Regie, Buch: Nathalie Borgers
Kamera: Johannes Hammel
Schnitt: Sophie Reiter
Originalton: Peter Roesner
Sounddesign: Peter Roesner
Weitere Credits: Produktionsleitung: Andrea Minauf
Produzent:innen: Johannes Rosenberger, Johannes Holzhausen, Constantin Wulff
Produktion: Navigator Film

 

Zwei Erzählstränge entfalten sich in The Remains nebeneinander: Der eine begleitet in Wien Hinterbliebene einer syrischen Familie, die auf der Flucht 13 Angehörige im Meer verloren haben. Der andere zeichnet ein Bild von Helfer/innen auf Lesbos, die sich an der Suche nach Vermissten beteiligen, Ertrunkene bergen oder sich um eine würdevollere Beisetzung unbekannter Toter bemühen. Behutsam und in ruhigen Aufnahmen nähert sich der Film dem Sterben im Mittelmeer von vielen Seiten.
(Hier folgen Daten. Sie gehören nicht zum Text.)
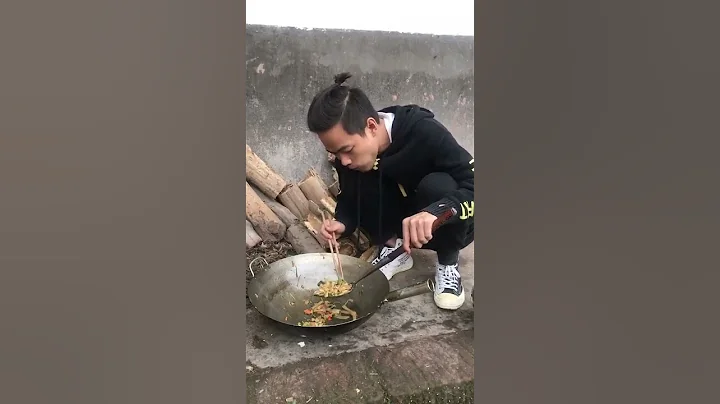金老師餓了，偷吃剩飯剩菜，被我偷偷拍了下來！ #市民朱小雨 - 天天要聞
The Remains – Nach der Odyssee setzt mit kalten Wellen ein. Die schlagen gegen die Scheibe eines Schiffes, während eine Wärmebildkamera das Meer abtastet. Irgendwo dort, zwischen den Wellen, befindet sich die Grenze zwischen der Türkei und Griechenland. Am felsigen Ufer der griechischen Insel Lesbos liegen zertrümmerte Holzbretter havarierter Schiffe, angespülte Gummireste von Schlauchbooten und zerschlissene Rettungswesten. An Land schulen Vertreter/innen des Internationalen Komitees vom Roten Kreuz einige Mitarbeiter der Küstenwache in der Bergung von Toten.
In ihrem Film entfaltet Nathalie Borgers zwei Erzählstränge nebeneinander: Der eine zeichnet ein Bild von Helfer/innen auf Lesbos. Von jenen, die sich an der Suche nach Vermissten beteiligen, Ertrunkene bergen oder sich um eine würdevollere Beisetzung der unbekannten Toten auf einem Friedhof bemühen. Der andere begleitet in Wien Hinterbliebene einer syrischen Familie, die während der Flucht 13 Angehörige im Meer verloren haben, als das Boot zwischen Izmir und Samos kenterte. Seit zwei Jahren liegt das Schiff auf dem Meeresgrund, keine Seite will es bergen. Farzat, der in Wien seinen Vater und seine Schwestern erwartet, die das Unglück überlebt haben, erzählt diese zutiefst traurige Geschichte. Beim Suchdienst des Roten Kreuzes füllt er Formulare aus, um eine mögliche Identifikation seiner Mutter, seiner Tante, der Nichten und Neffen zu unterstützen. Eine Mitarbeiterin notiert körperliche Merkmale und Auffälligkeiten der Verschollenen: ein Tattoo am linken Knöchel, ein Zahnimplantat, die Kaiserschnittnarbe am Bauch.
Als stille Beobachterin begleitet die Kamera das Wiedersehen der Familienmitglieder, das beständige Ringen des Vaters, dem Nachzittern des Erlebten standhalten zu können, und die Bemühungen, Farzats Bruder Imad aus Deutschland zu holen, der ganz allein mit den traumatisierenden Bildern fertig werden muss, die ihm nicht aus dem Kopf gehen wollen. Sensibel hört der Film zu – auch in jenen Momenten, in denen der Schmerz nicht in Worte zu fassen ist und in hilflosem Warten zerrinnt, weil die Hoffnung der Trauer im Weg steht.
Behutsam, in ruhigen Aufnahmen und von vielen Seiten nähert sich The Remains einem Danach. Und zeigt im Zusammenfügen der Geschichte einer persönlichen Katastrophe mit Bildern von Grabsteinen, die anonyme Protokollnummern statt Namen tragen, dass der Blick von außen und ein Blick nach innen nicht dasselbe sind.